I'm often asked about the importance of an estate plan. People wonder why they even need to bother with it. The truth is, you don't have to create an estate plan. The law certainly doesn't require it. However, a good estate plan addresses two very fundamental issues.
The first issue is "Who will get my assets when I pass away?" That's the issue that most people think about when they think about estate planning. They think it's all about dying and passing assets from one generation to another or from one person to another. That is certainly an important element of estate planning - who gets what when you die. Simple enough.
However, there is another very important question that a good estate plan addresses: "Who has the legal authority to act on my behalf if I cannot act on my behalf?"
These are the two most important issues that a good estate plan addresses. The second one is the one people think about least often.
People often mistakenly assume that others can act on their behalf by virtue of their familial relationship or by virtue of marriage. Read this carefully - Just because I'm married to my wife does not give me the legal authority to act on her behalf and vice versa. Similarly, an adult child doesn't have automatic legal authority over their aging parent and vice versa. Just because you are somebody's mother or father doesn't give you the legal authority to make decisions for that person.
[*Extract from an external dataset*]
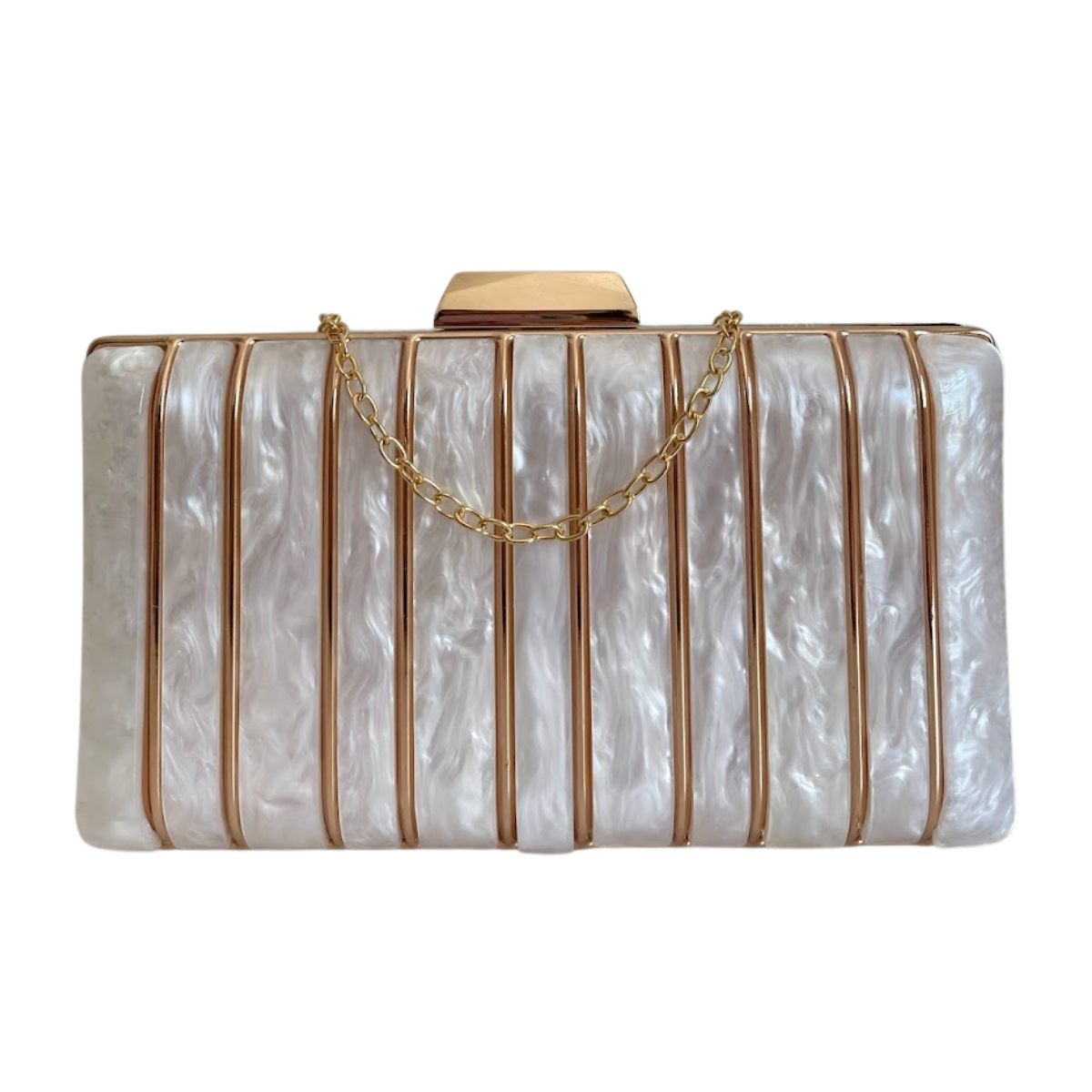 Bolsa de Festa Clutch Perolada Metalizada Branca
When my son turned 18 years of age, I had him sign an Advance Health Care Directive and a Durable Power of Attorney. When he turned 18, he technically became an "adult" and these legal tools will allow my wife and I to make legal decisions on his behalf if he cannot.
So yes, estate planning is indeed about who gets what when you pass away. However, and perhaps more importantly, it's about giving the people that you care about the legal tools they need to help you when you need help - to give them the legal authority to act on your behalf.